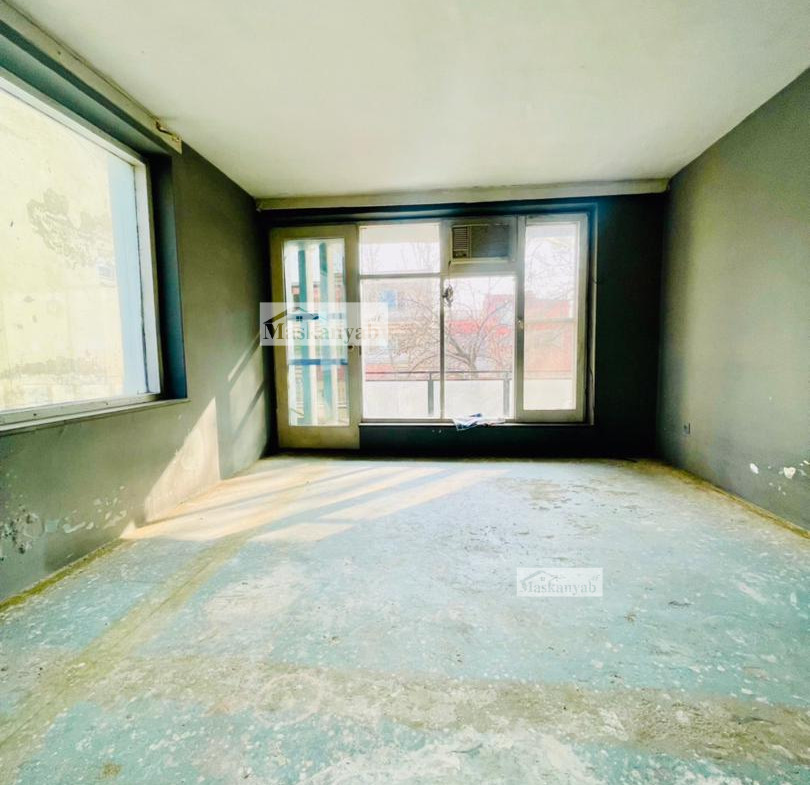 Two-floor house for rent in Wazir Akbar Khan
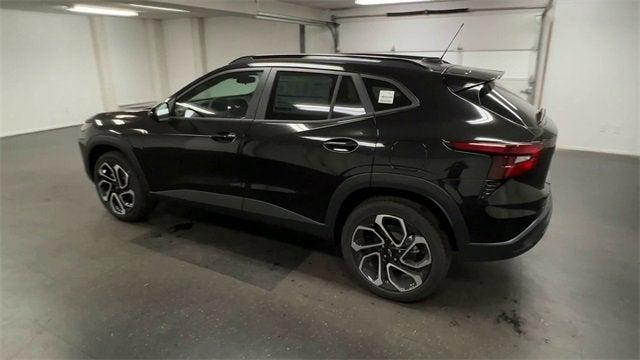 new 2025 Chevrolet Trax car, priced at $26,939
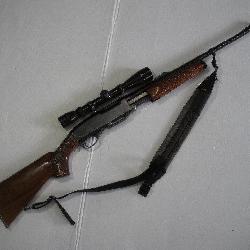 REMINGTON GAME MASTER MODEL760 30-06 SPRG.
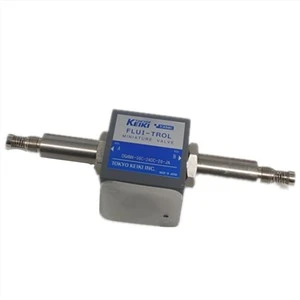 שסתום כיווני סולנואיד Tokimec DG4M4-36C-24DC-JA שסתום סולנואיד סדרת DG4M4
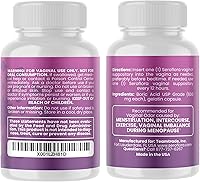 Vista 3 de Seroflora Supositorios vaginales de ácido bórico para mujeres + 1 aplicador de supositorios – Ayuda a apoyar el equilibrio del pH del olor vaginal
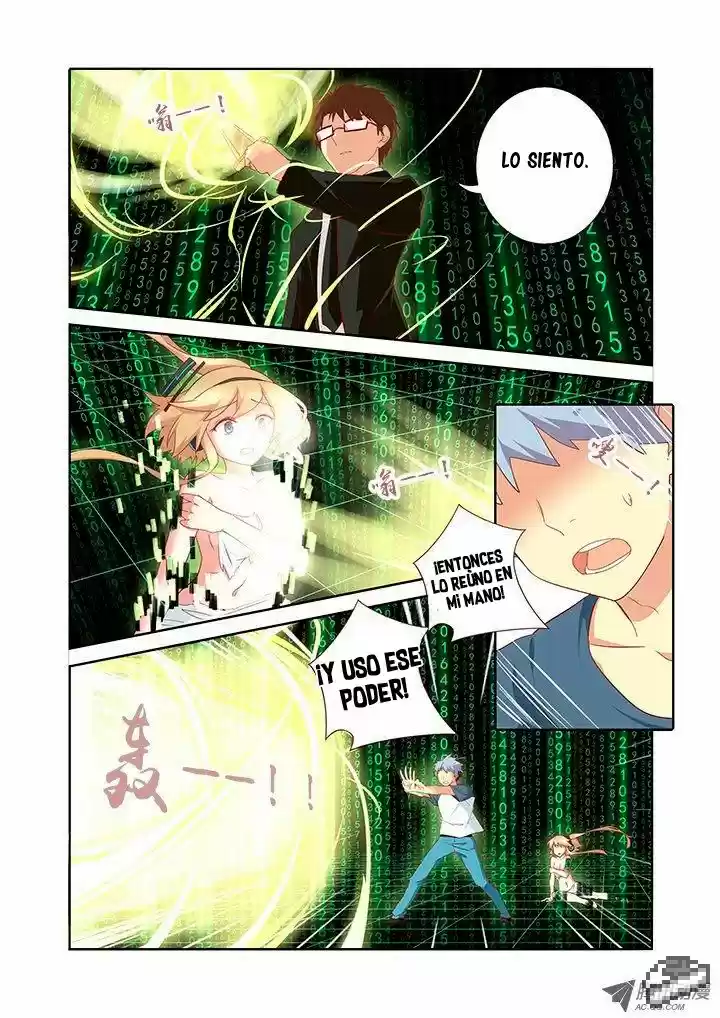 Yaoguai Mingdan - Monster List - Capítulo 133 - Página 9 - LectorTMOo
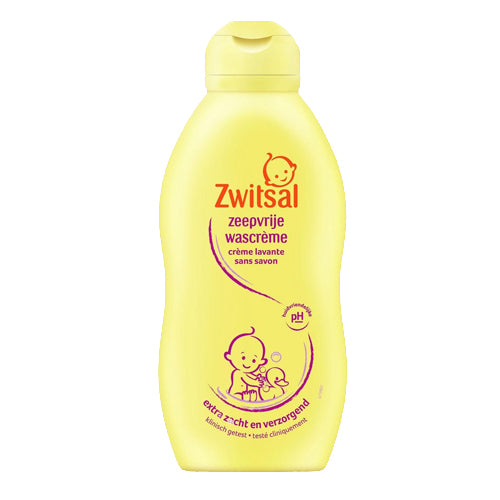 Zwitsal Wash Cream - 200ml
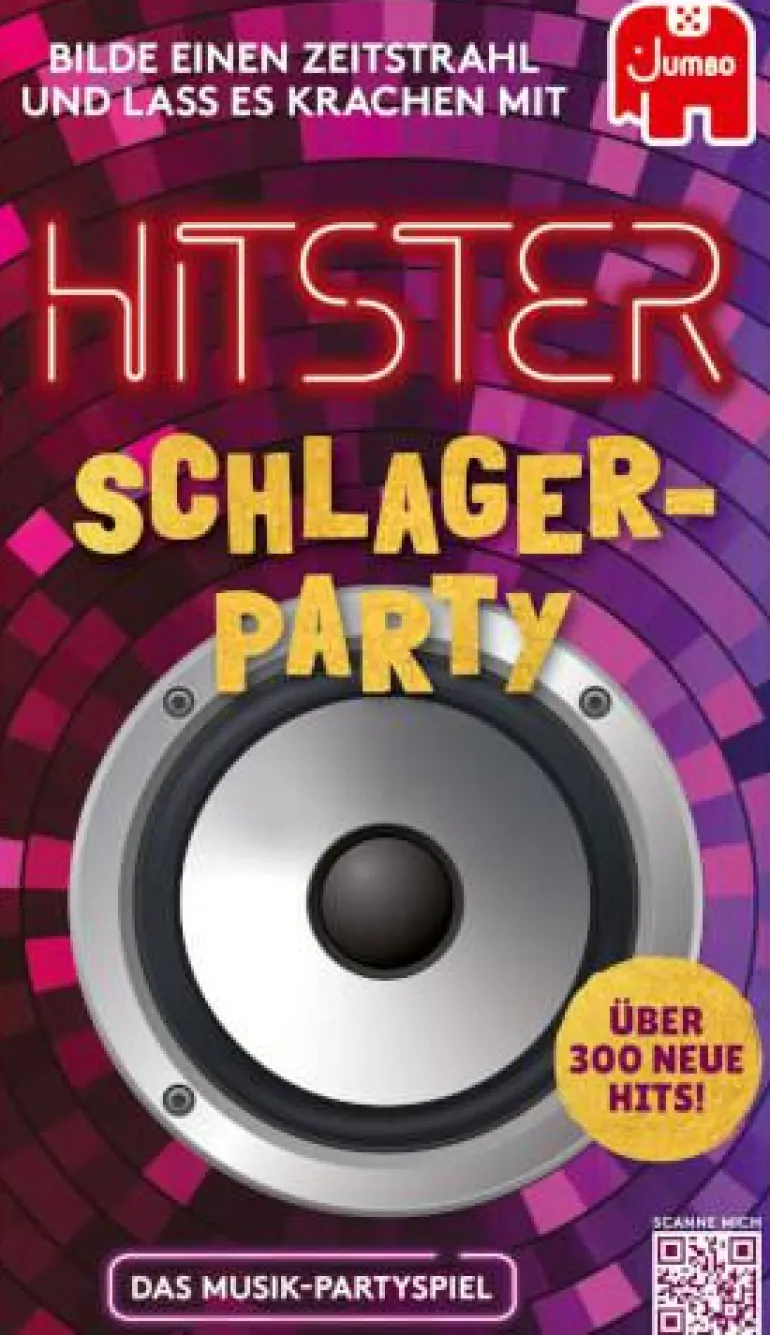 Hitster - Schlager Party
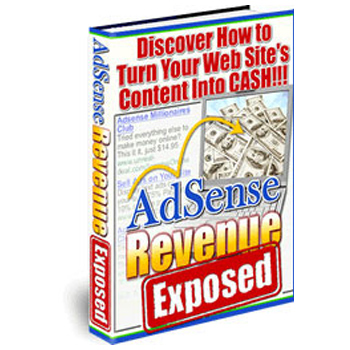 AdSense Revenue Exposed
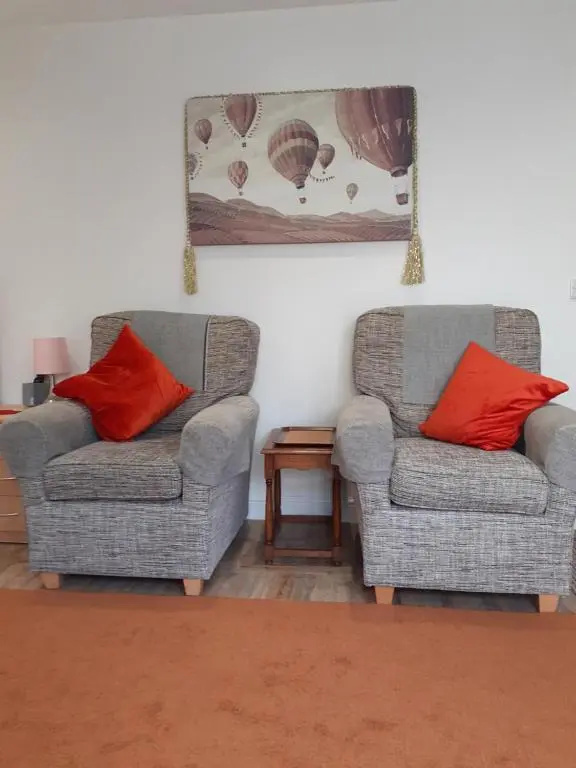 Railway Retreat No4 Comberton Terrace (Adults Only)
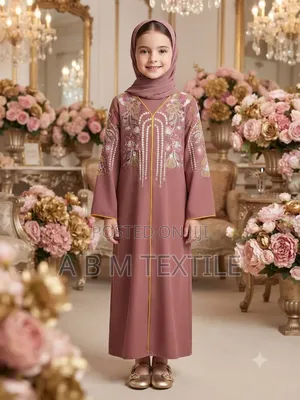 Egyptian Abaya for Girrks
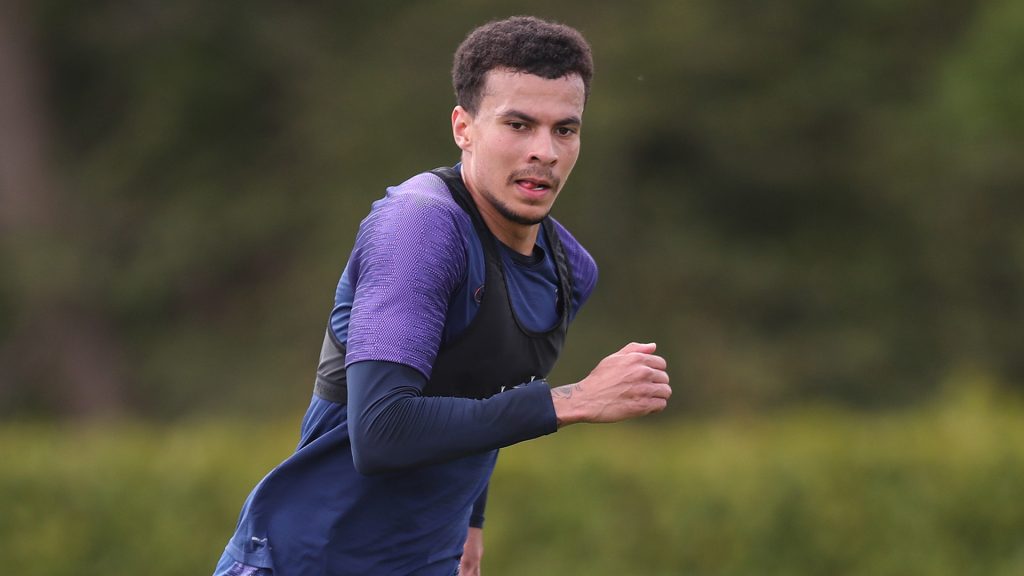 Newcastle United are the front runners to sign Dele Alli from Tottenham.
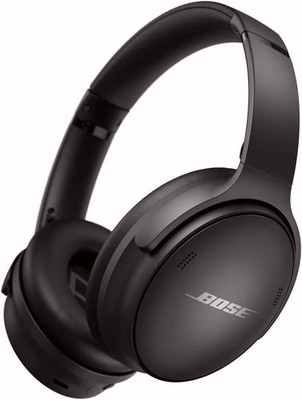 Bose QuietComfort 45 Bluetooth Wireless Noise Cancelling Headphones Triple Black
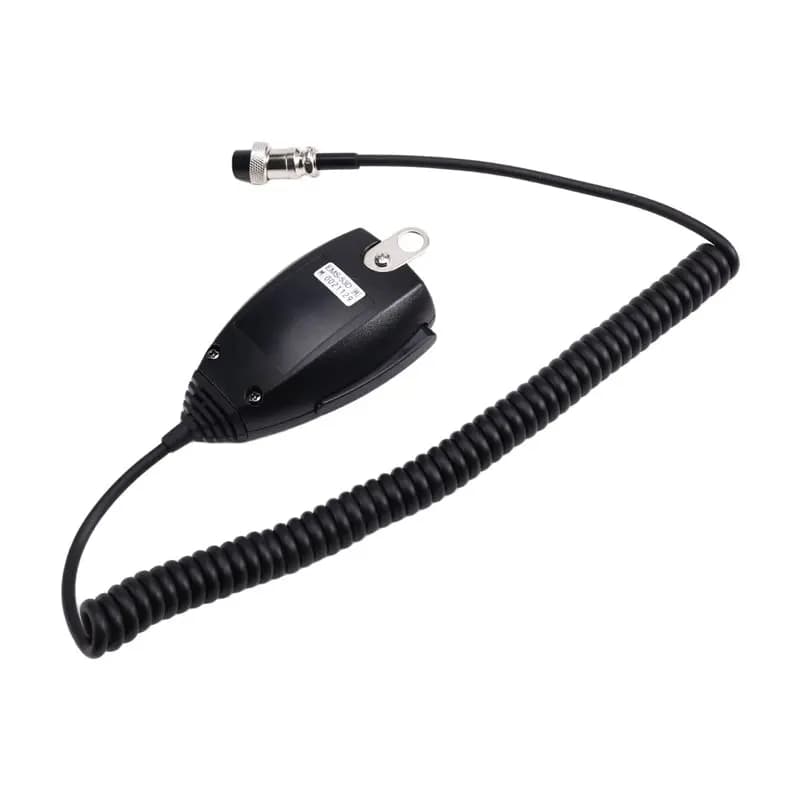 Microfono B03B-DTMF a 8 pin per ALINCO EMS-53 per Walkie Talkie DR245PL DR-03 DR-06 DR-135 DR-235 DR-435 DR-635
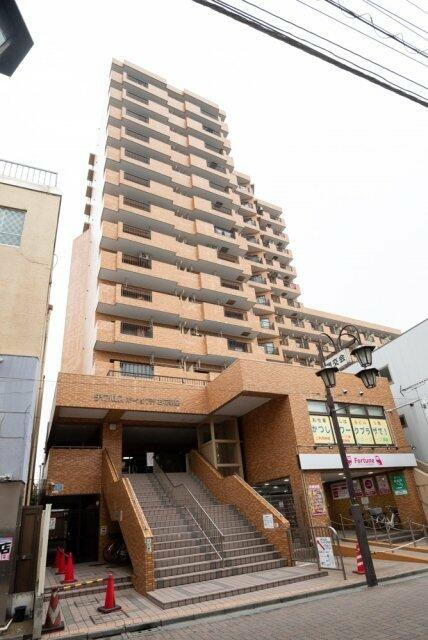 ダイアパレスステーションプラザお花茶屋の画像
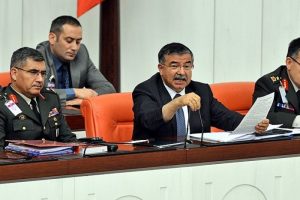 Milli Savunma Bakanı'ndan Patriot a&ccedil;ıklaması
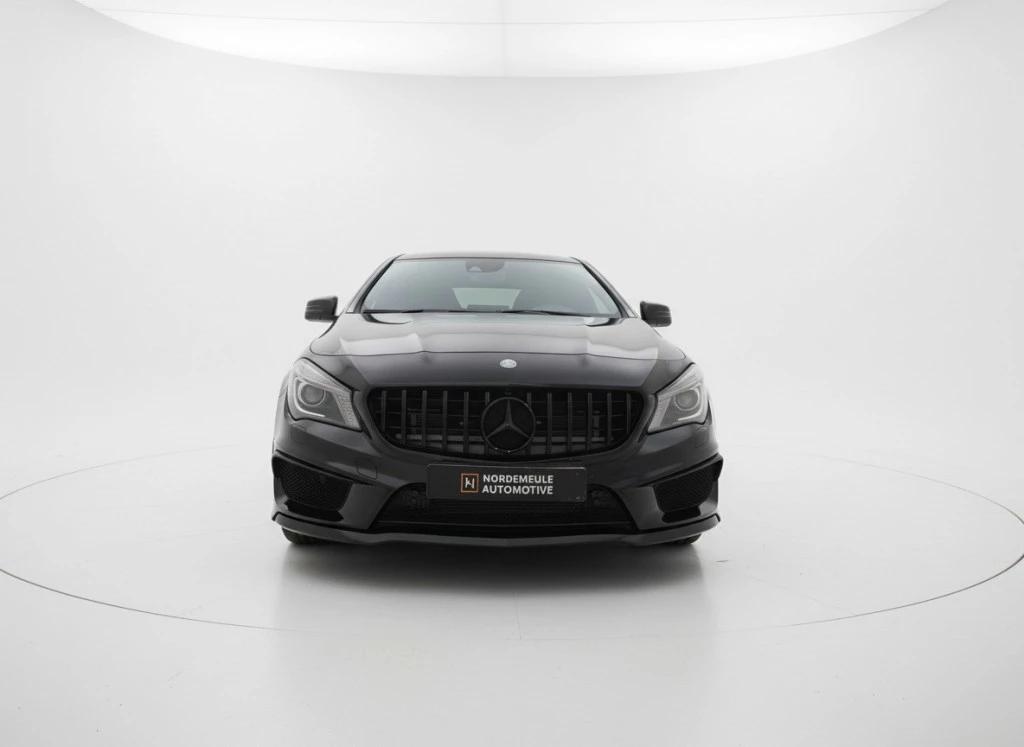 Mercedes-Benz CLA – foto 8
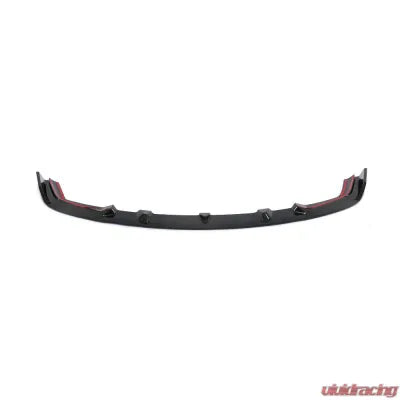 Vivid Racing VR-F87M2-603 VR Aero Carbon Fiber Front Bumper Lip Spoiler V5 BMW 2 Series | M2 F87 Competition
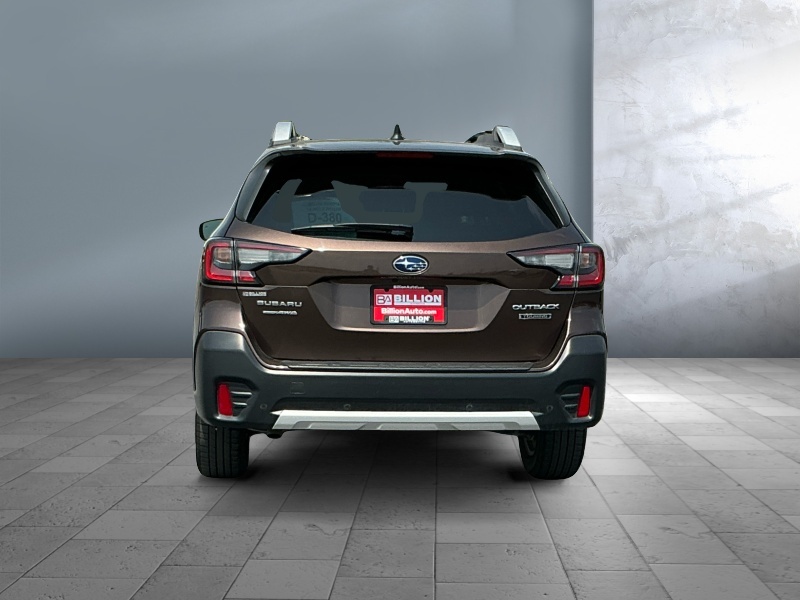 2021 Subaru Outback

Task goal: Omit all pictures and repeat the rest of the records verbatim.

Completed task:
 Two-floor house for rent in Wazir Akbar Khan
 new 2025 Chevrolet Trax car, priced at $26,939
 REMINGTON GAME MASTER MODEL760 30-06 SPRG.
 שסתום כיווני סולנואיד Tokimec DG4M4-36C-24DC-JA שסתום סולנואיד סדרת DG4M4
 Vista 3 de Seroflora Supositorios vaginales de ácido bórico para mujeres + 1 aplicador de supositorios – Ayuda a apoyar el equilibrio del pH del olor vaginal
 Yaoguai Mingdan - Monster List - Capítulo 133 - Página 9 - LectorTMOo
 Zwitsal Wash Cream - 200ml
 Hitster - Schlager Party
 AdSense Revenue Exposed
 Railway Retreat No4 Comberton Terrace (Adults Only)
 Egyptian Abaya for Girrks
 Newcastle United are the front runners to sign Dele Alli from Tottenham.
 Bose QuietComfort 45 Bluetooth Wireless Noise Cancelling Headphones Triple Black
 Microfono B03B-DTMF a 8 pin per ALINCO EMS-53 per Walkie Talkie DR245PL DR-03 DR-06 DR-135 DR-235 DR-435 DR-635
 ダイアパレスステーションプラザお花茶屋の画像
 Milli Savunma Bakanı'ndan Patriot a&ccedil;ıklaması
 Mercedes-Benz CLA – foto 8
 Vivid Racing VR-F87M2-603 VR Aero Carbon Fiber Front Bumper Lip Spoiler V5 BMW 2 Series | M2 F87 Competition
 2021 Subaru Outback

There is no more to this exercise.